Sad news from the Buchanan Owners Association
Alan Buchanan, one of the last great yacht designers from the era when yachts were still built the traditional way and looked absolutely gorgeous, has passed away at a great age – by my calculation he would have been 92 or possibly 93.
His glory days were during his time working as a yacht designer at Burnham; many of the successful racers of the the 1950s era were the product of his drawing board. However, he continued to draw boats well into years that for most of us would be retirement or even dotage.
The Buchanan Owners Association website has an excellent article by John Leather about Buchanan’s work – as a memorial it would be difficult to beat, so read it here. Classic Boat’s short announcement is here, and there’s a Wikipedia entry about his Hilbre One Design here.
The Daily Telegraph has this nice obituary for boat and canoe designer and DIY hero Percy Blandford.
‘Percy Blandford, who has died aged 101, was at the heart of the British do-it-yourself boom in the period of austerity that followed the Second World War… his blueprints for home-built craft allowed thousands of enthusiasts, who would otherwise have been unable to afford the experience, to get out on the water.’

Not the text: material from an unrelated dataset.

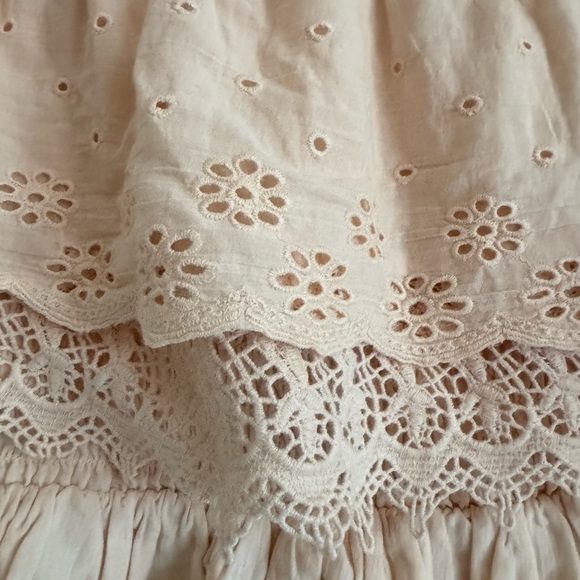 Peach Off-Shoulder Ruffle Top - Picture 2 of 6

My thanks to Blandford fan Chuck Leinweber of Duckworks Magazine for finding this one.
Weir Quay Boatyard has published a tribute to River Tamar fisherman Allen Jewitt that can only be called beautiful.
The Tamar has clearly lost one of its characters, and many of his neighbours will miss a treasured friend.
Allen Jewitt, who died suddenly a few days ago at the age of 70, lived on the water for many decades and was the last full-time net fisherman on the river until that business had to be ended in order to sustain stocks. From that time he caught eels until just last year.
In reading the Weir Quay folks’ obituary, I feel I can almost hear the snap of another link with history being lost forever.
YouTube has a nice documentary in which he talks about his life and demonstrates how he made his living catching eels in the lovely River Tamar, and it’s immediately clear why he was held in such affection by his neighbours on the river.
I particularly like one line that makes me smile in particular: ‘They call these things danbuoys – they must have been named after a man called Dan Boy.’